━━━━━ Input records

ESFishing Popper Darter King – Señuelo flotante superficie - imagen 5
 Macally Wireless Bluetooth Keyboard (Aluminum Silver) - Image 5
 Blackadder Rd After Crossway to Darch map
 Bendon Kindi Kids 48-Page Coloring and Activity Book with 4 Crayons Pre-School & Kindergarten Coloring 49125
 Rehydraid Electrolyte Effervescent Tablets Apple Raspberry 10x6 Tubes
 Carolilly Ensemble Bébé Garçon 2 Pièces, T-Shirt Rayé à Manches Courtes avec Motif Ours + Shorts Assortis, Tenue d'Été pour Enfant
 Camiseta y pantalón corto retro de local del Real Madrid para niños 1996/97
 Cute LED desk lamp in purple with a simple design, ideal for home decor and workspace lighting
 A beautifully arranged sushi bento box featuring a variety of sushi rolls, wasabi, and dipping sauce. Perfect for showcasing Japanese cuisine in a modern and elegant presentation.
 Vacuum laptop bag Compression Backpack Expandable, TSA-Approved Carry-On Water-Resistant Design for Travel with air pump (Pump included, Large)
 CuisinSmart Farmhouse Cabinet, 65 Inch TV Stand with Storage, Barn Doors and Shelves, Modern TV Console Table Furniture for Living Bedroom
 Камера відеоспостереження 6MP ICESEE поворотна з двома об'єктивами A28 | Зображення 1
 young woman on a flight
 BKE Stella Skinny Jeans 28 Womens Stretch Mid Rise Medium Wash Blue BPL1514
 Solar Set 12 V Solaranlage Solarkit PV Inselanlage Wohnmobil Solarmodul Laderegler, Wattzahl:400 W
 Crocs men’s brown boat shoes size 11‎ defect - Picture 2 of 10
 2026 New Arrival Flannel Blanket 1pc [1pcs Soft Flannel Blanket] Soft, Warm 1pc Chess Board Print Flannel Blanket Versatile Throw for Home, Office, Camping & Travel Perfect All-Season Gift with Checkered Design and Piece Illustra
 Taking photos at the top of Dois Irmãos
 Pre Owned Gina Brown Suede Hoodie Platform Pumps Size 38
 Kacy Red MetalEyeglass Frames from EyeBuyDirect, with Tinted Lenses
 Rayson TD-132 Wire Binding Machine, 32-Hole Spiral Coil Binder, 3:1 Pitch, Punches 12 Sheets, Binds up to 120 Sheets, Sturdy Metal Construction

━━━━━━━━━━

**Problem details:** If a line in the data above includes the string "with", copy it.

**Exercise result:**
 Bendon Kindi Kids 48-Page Coloring and Activity Book with 4 Crayons Pre-School & Kindergarten Coloring 49125
 Cute LED desk lamp in purple with a simple design, ideal for home decor and workspace lighting
 Vacuum laptop bag Compression Backpack Expandable, TSA-Approved Carry-On Water-Resistant Design for Travel with air pump (Pump included, Large)
 CuisinSmart Farmhouse Cabinet, 65 Inch TV Stand with Storage, Barn Doors and Shelves, Modern TV Console Table Furniture for Living Bedroom
 2026 New Arrival Flannel Blanket 1pc [1pcs Soft Flannel Blanket] Soft, Warm 1pc Chess Board Print Flannel Blanket Versatile Throw for Home, Office, Camping & Travel Perfect All-Season Gift with Checkered Design and Piece Illustra
 Kacy Red MetalEyeglass Frames from EyeBuyDirect, with Tinted Lenses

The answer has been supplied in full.